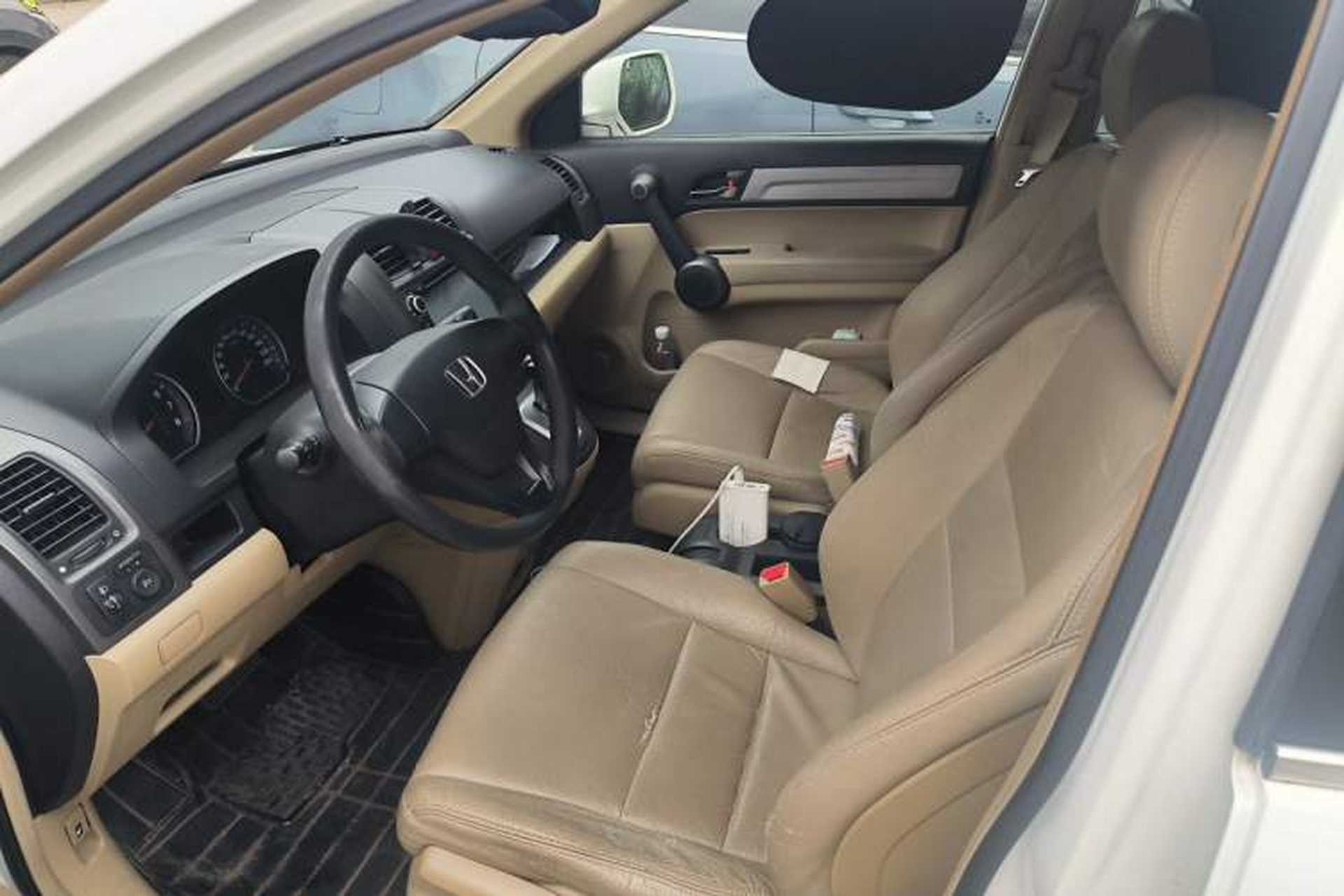 Used Honda CR-V 2010 2.0L automatic two-wheel drive urban version Left Front Seat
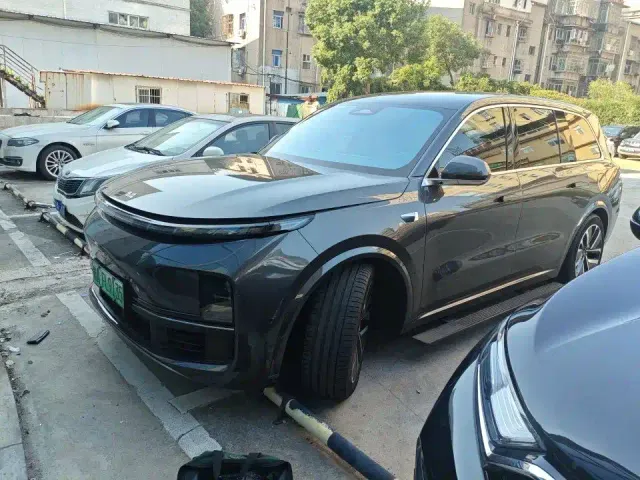 Фотография автомобиля — Li Auto L9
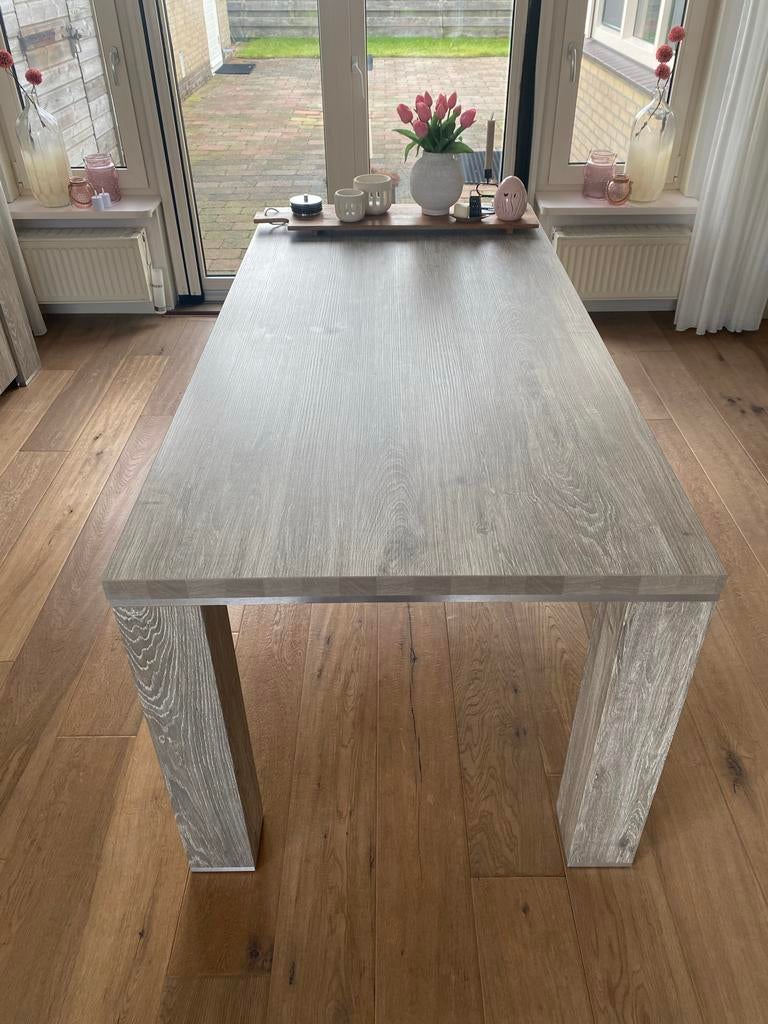 Grijze eettafel met houtlook, Huis en Inrichting, Tafels | Eettafels, Gebruikt, Vijf personen of meer, 150 tot 200 cm, Rechthoekig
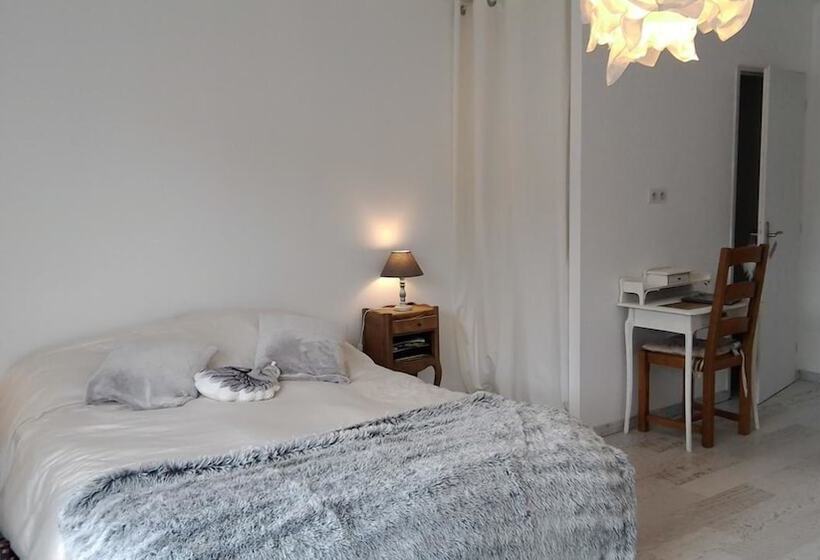 צימר Les Chambres De La Nouvelle Aliénor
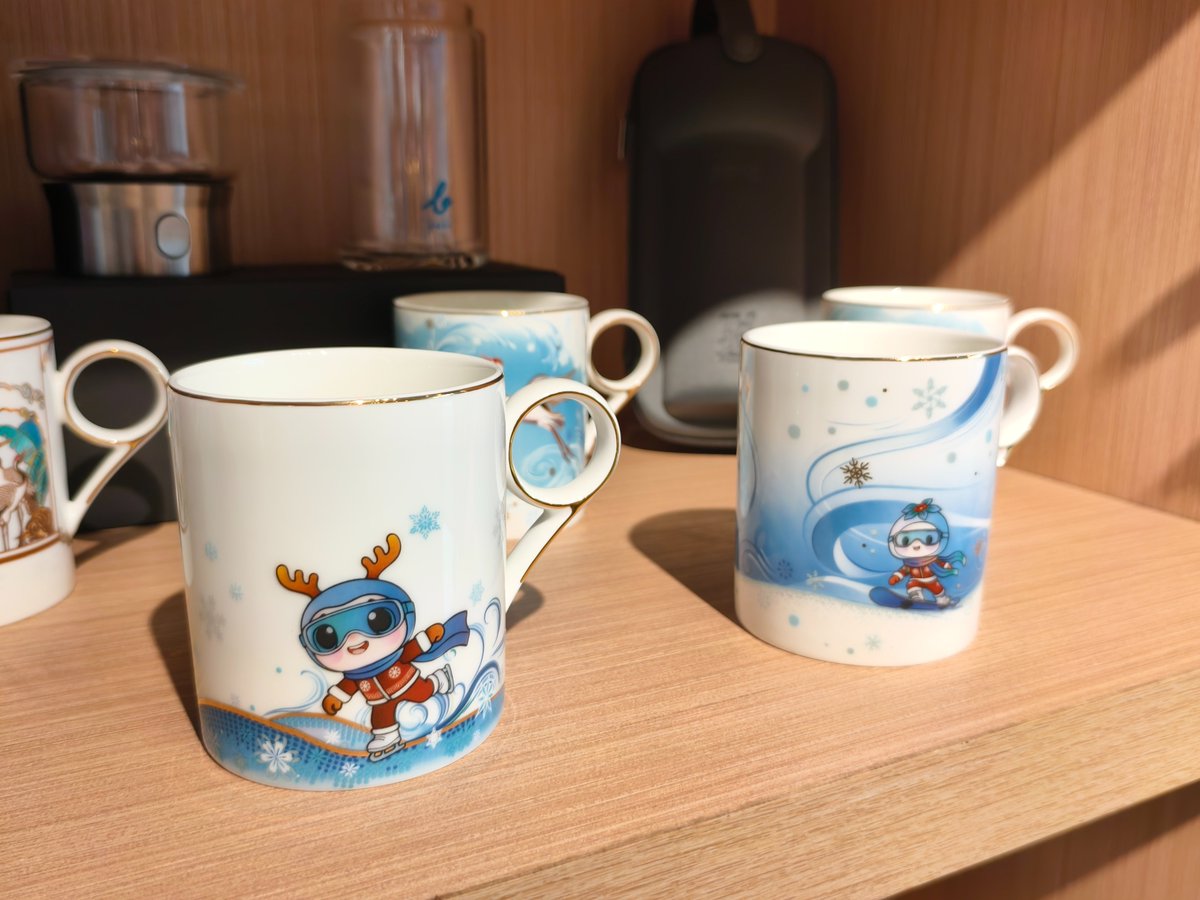 JilinChina's tweet photo. The organizing committee experience #store for the #Changchun 2027 #WinterUniversiade is now open, featuring 40+ new licensed products inspired by the games. ❄️ 

#JilinSports #JilinBiz #FISU #products #WinterSports https://t.co/FfI9JEo3RS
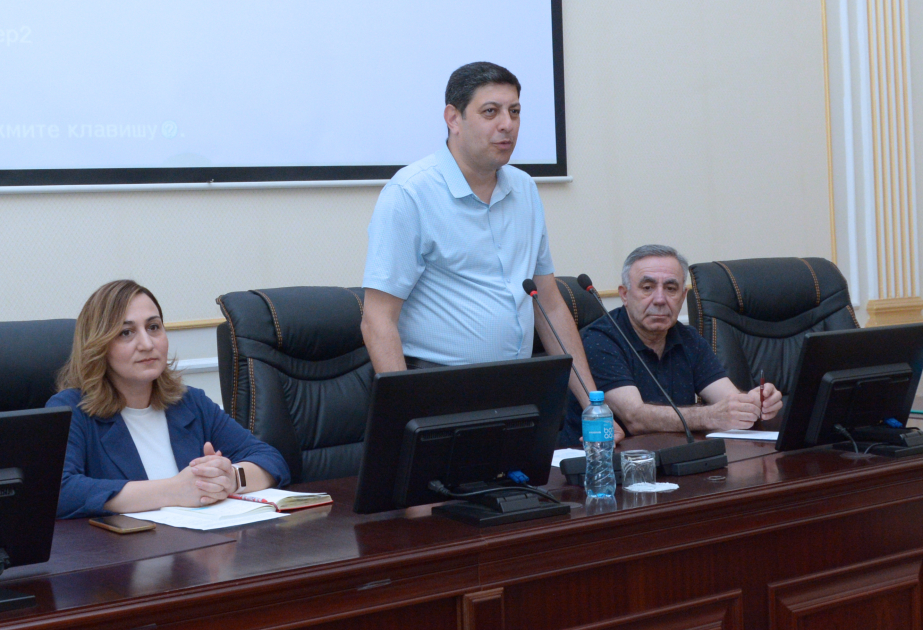 Könüllülük proqramı çərçivəsində fərqlənmiş gənclər mükafatlandırılıb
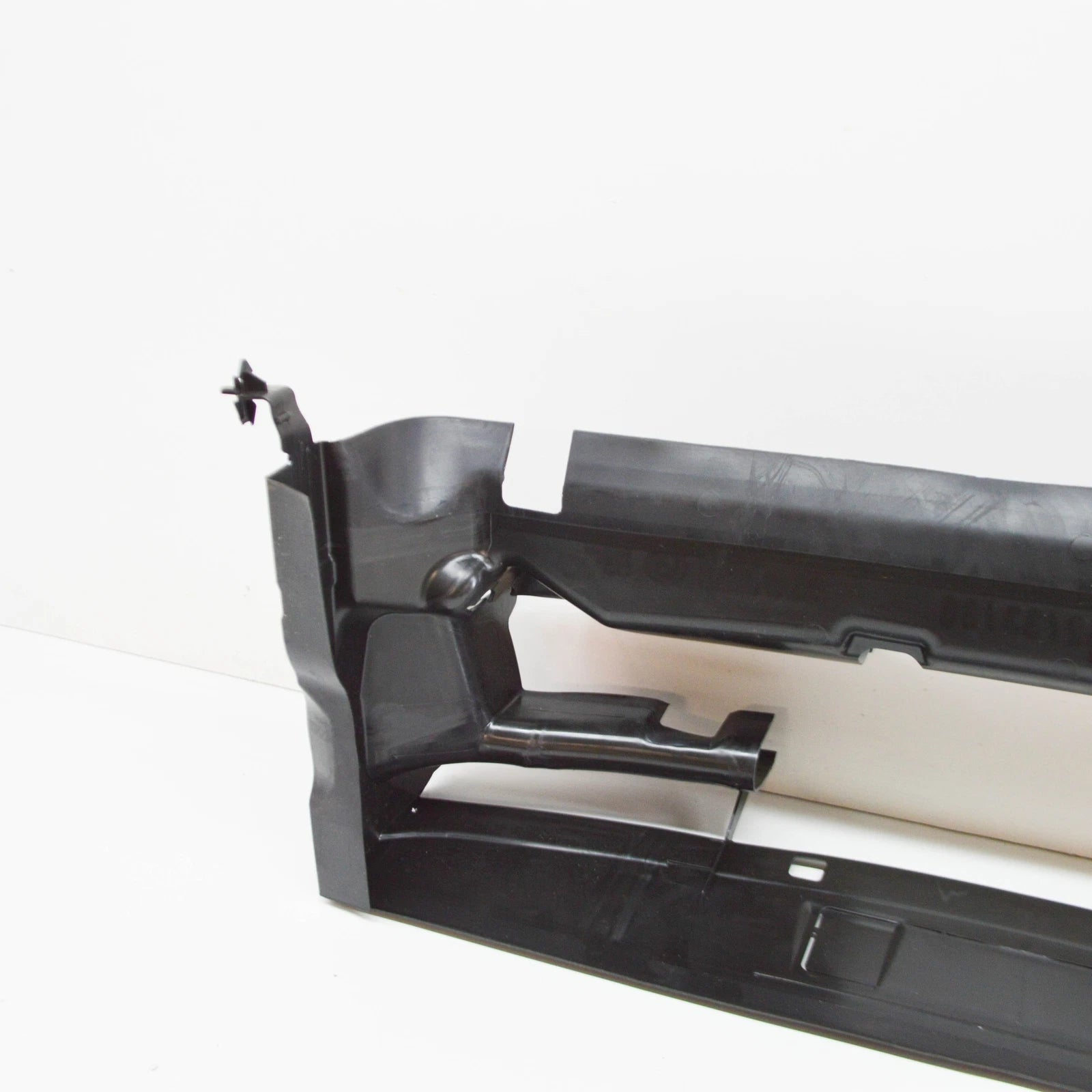 NEW BMW 4 F32 RADIATOR LOWER AIR DUCT 51747362288 7362288 2016 ORIGINAL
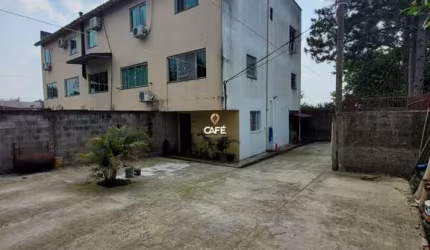 Apartamento triplex à venda no bairro Tomazetti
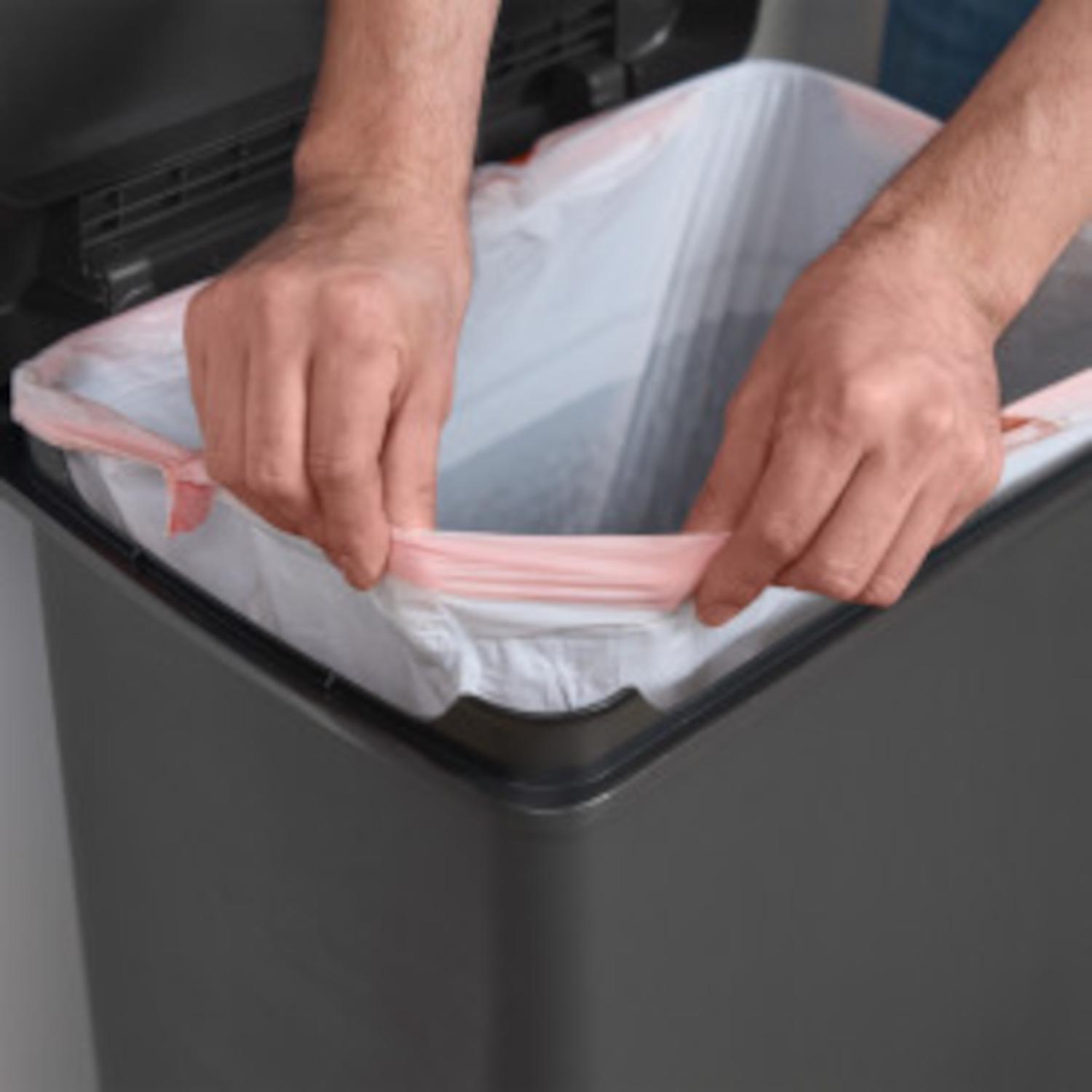 Rubbermaid 13 gal. Charcoal Resin Trash Can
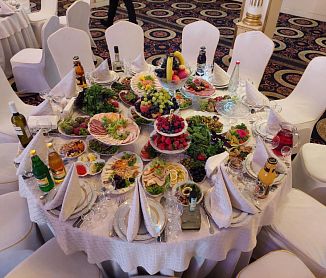 бронировать по телефону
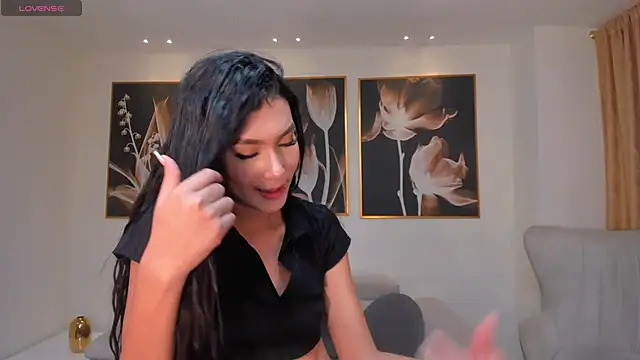 NiaSalvatore online show from 02.23.25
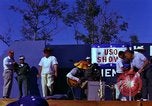 Standbild Bob Hope Bien Hoa in Vietnam, 1965, aus Sekunde 3 historischem Filmmaterial Videoclip 65675041108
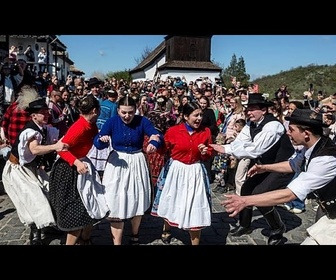 Replay Pâques en Hongrie : à Hollókő, les femmes arrosées à grands seaux d'eau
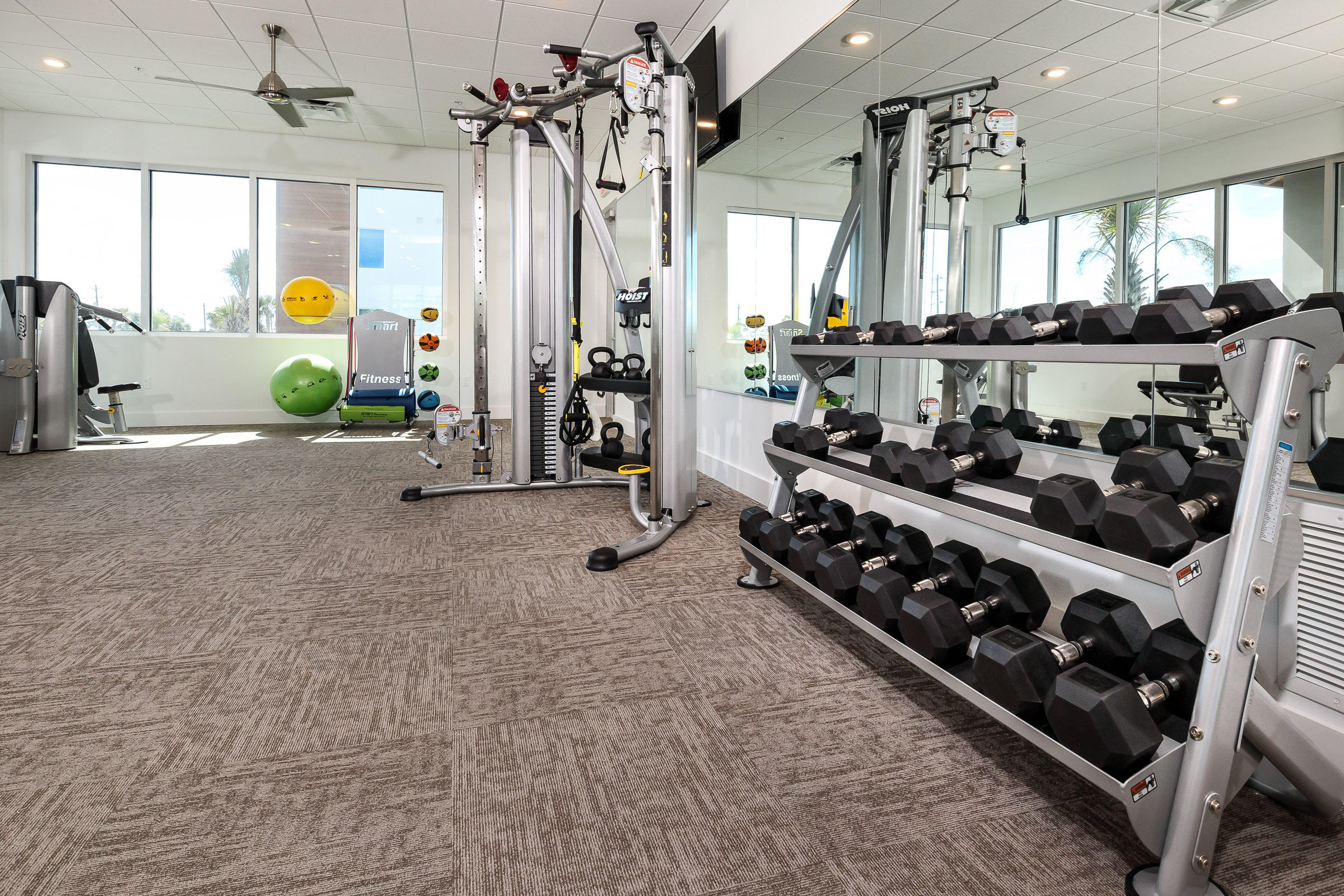 BLU CONDOMINIUM - Residential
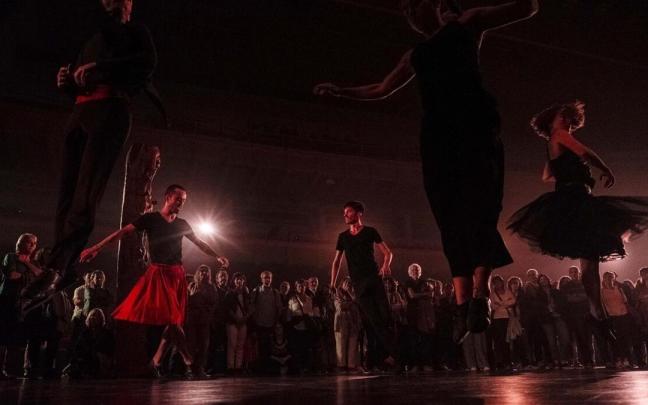 Imagen del espect&aacute;culo de Kukai Dantza 'Jazoerak / Sucesos', en el front&oacute;n Labrit.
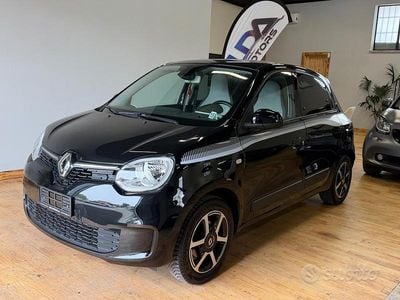 Usata Renault Twingo LIMITED 73 CV (53 kW) 2020 Nero Utilitaria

• Your assignment
Please print the records above word for word, leaving every image out.

• Answer to the exercise
 Used Honda CR-V 2010 2.0L automatic two-wheel drive urban version Left Front Seat
 Фотография автомобиля — Li Auto L9
 Grijze eettafel met houtlook, Huis en Inrichting, Tafels | Eettafels, Gebruikt, Vijf personen of meer, 150 tot 200 cm, Rechthoekig
 צימר Les Chambres De La Nouvelle Aliénor
 JilinChina's tweet photo. The organizing committee experience #store for the #Changchun 2027 #WinterUniversiade is now open, featuring 40+ new licensed products inspired by the games. ❄️ 

#JilinSports #JilinBiz #FISU #products #WinterSports https://t.co/FfI9JEo3RS
 Könüllülük proqramı çərçivəsində fərqlənmiş gənclər mükafatlandırılıb
 NEW BMW 4 F32 RADIATOR LOWER AIR DUCT 51747362288 7362288 2016 ORIGINAL
 Apartamento triplex à venda no bairro Tomazetti
 Rubbermaid 13 gal. Charcoal Resin Trash Can
 бронировать по телефону
 NiaSalvatore online show from 02.23.25
 Standbild Bob Hope Bien Hoa in Vietnam, 1965, aus Sekunde 3 historischem Filmmaterial Videoclip 65675041108
 Replay Pâques en Hongrie : à Hollókő, les femmes arrosées à grands seaux d'eau
 BLU CONDOMINIUM - Residential
 Imagen del espect&aacute;culo de Kukai Dantza 'Jazoerak / Sucesos', en el front&oacute;n Labrit.
 Usata Renault Twingo LIMITED 73 CV (53 kW) 2020 Nero Utilitaria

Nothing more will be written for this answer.